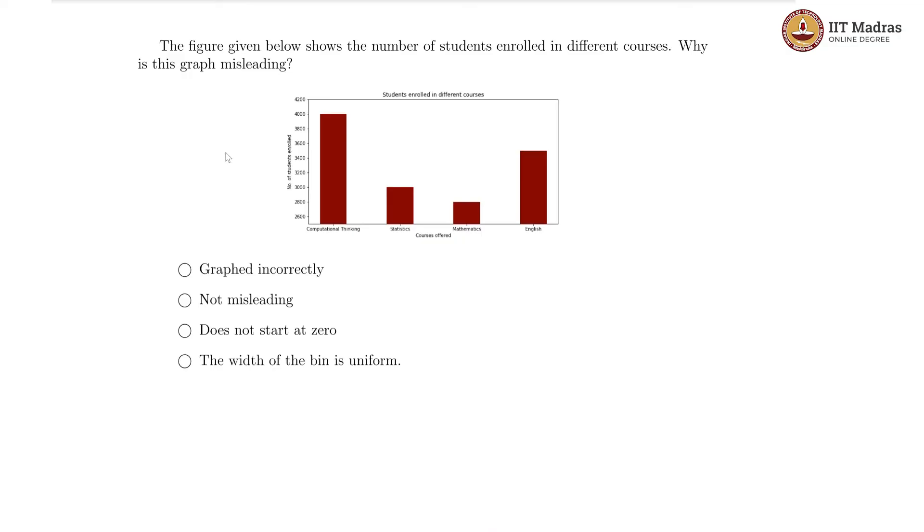In this video, let us look at two misleading graph questions. The figure given below shows the number of students enrolled in different courses. Why is this graph misleading?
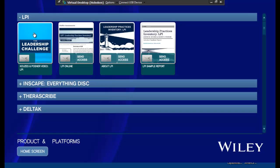So for Leadership Practice Inventory, we have loaded up four different types of content. We have a video, we have a website, we have an actual PowerPoint and a PDF.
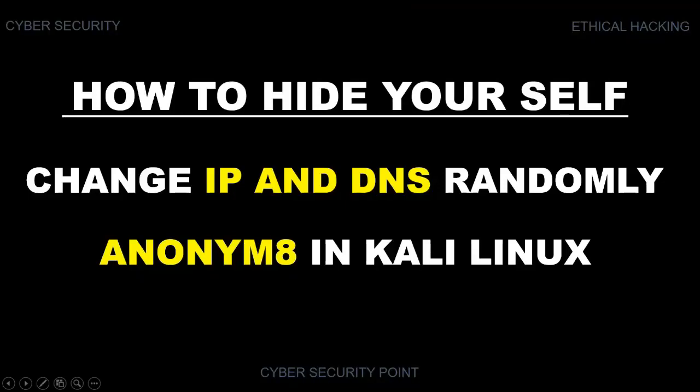Friends, hello, Assalamualaikum. I am M.A. Momin. Welcome to Cybersecurity Point. In the previous tutorial, I showed you how to set up Anonym8 and how to change MAC address with Anonym8.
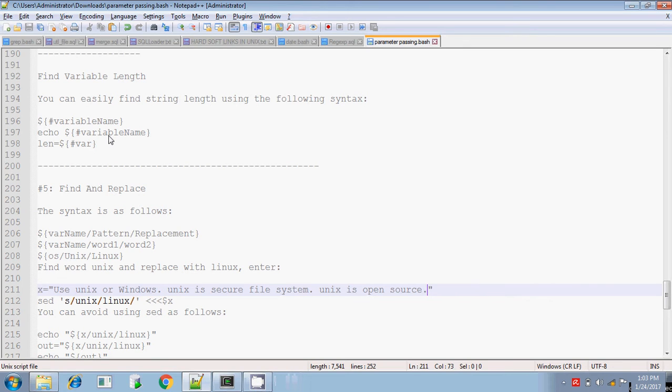Hi, this is Trithar. I am just continuing the string handling in advanced Unix.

********

== What you have to do ==
Set the listing above down again exactly, leaving pictures out.

== Solution to this problem ==
In this video, let us look at two misleading graph questions. The figure given below shows the number of students enrolled in different courses. Why is this graph misleading?
So for Leadership Practice Inventory, we have loaded up four different types of content. We have a video, we have a website, we have an actual PowerPoint and a PDF.
Friends, hello, Assalamualaikum. I am M.A. Momin. Welcome to Cybersecurity Point. In the previous tutorial, I showed you how to set up Anonym8 and how to change MAC address with Anonym8.
Hi, this is Trithar. I am just continuing the string handling in advanced Unix.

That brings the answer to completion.